WHAT YOU WILL DO » Type out the lines below exactly, from the first through the line holding "Brainstorming is where", and include no pictures.

DATASET EXTRACT »
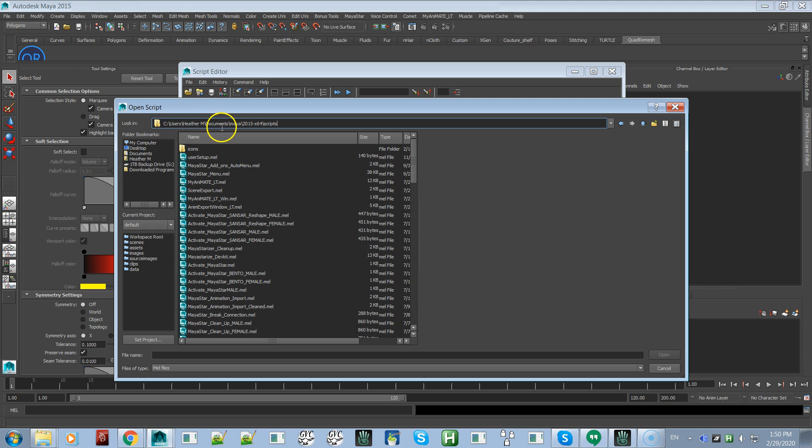So now you have the address of where it's supposed to be. You can copy and paste that if you want onto a notepad or something like that. This is the location of the scripts folder.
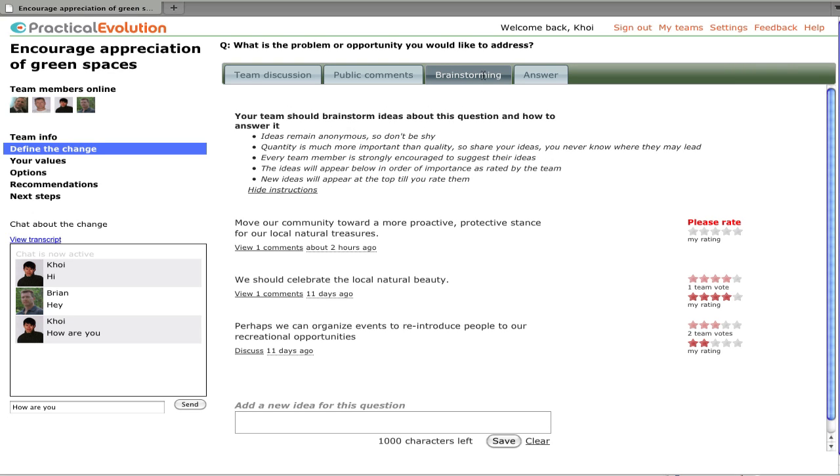Brainstorming is where the team starts to pull its ideas together from the discussion, with an eye toward developing that formal answer. Anybody can enter an idea in brainstorming. In the brainstorming section, all of the ideas that are submitted remain anonymous.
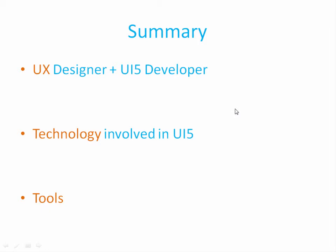To summarize this session, we saw how you can become a UX developer with user experience designing skill set and learning UI5 development so you can deliver applications which are user experience centric using UI5 development framework. We also saw the technology stacks involved and how much you should know each technology to really do the actual delivery. We also saw the tools involved in the development and how to select which tools are best for you. We will see you in the next session in which we are going to talk about how to make money using UI5. Thank you for watching this video.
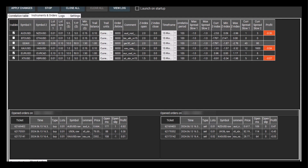In the top window, you can see a list of pairs with preset lot sizes for each pair, hard stop losses, take profits, minimum profits, and trailing stops. A key parameter is the Z index, as reaching this value triggers a trade for the pair.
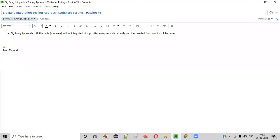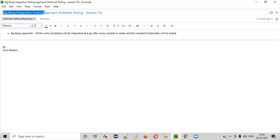Hello all, welcome to session 76 of Software Testing Made Easy course. In this session, I'm going to explain the Big Bang integration testing approach. So let's get started.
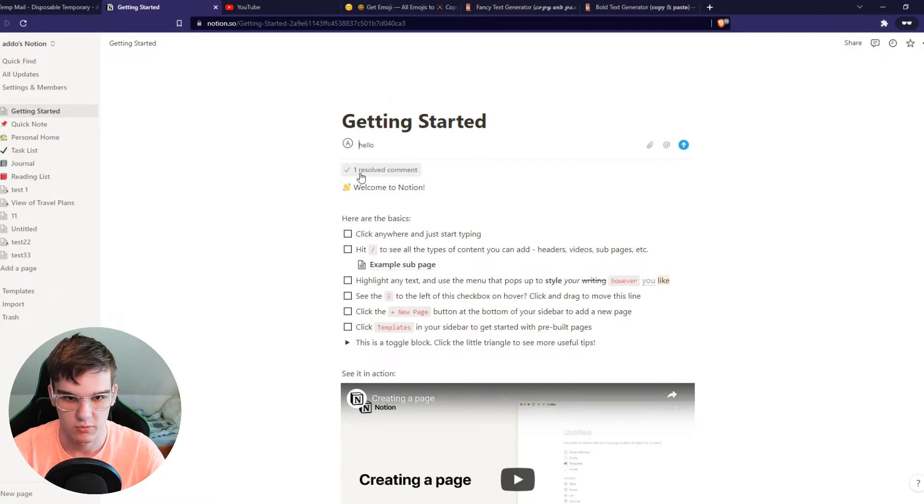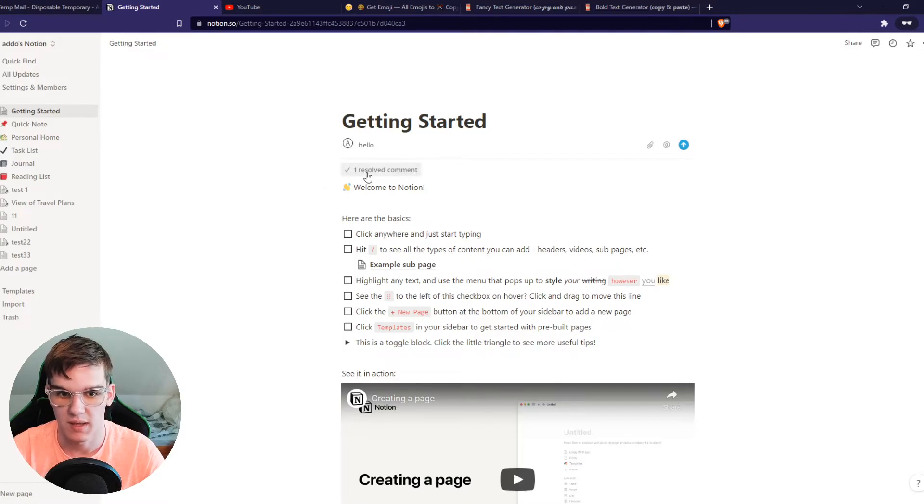You can resolve the question, like resolve a comment. That's what you can do. Then it will be hidden, as you can see.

OUTPUT FOR THIS EXERCISE »
So now you have the address of where it's supposed to be. You can copy and paste that if you want onto a notepad or something like that. This is the location of the scripts folder.
Brainstorming is where the team starts to pull its ideas together from the discussion, with an eye toward developing that formal answer. Anybody can enter an idea in brainstorming. In the brainstorming section, all of the ideas that are submitted remain anonymous.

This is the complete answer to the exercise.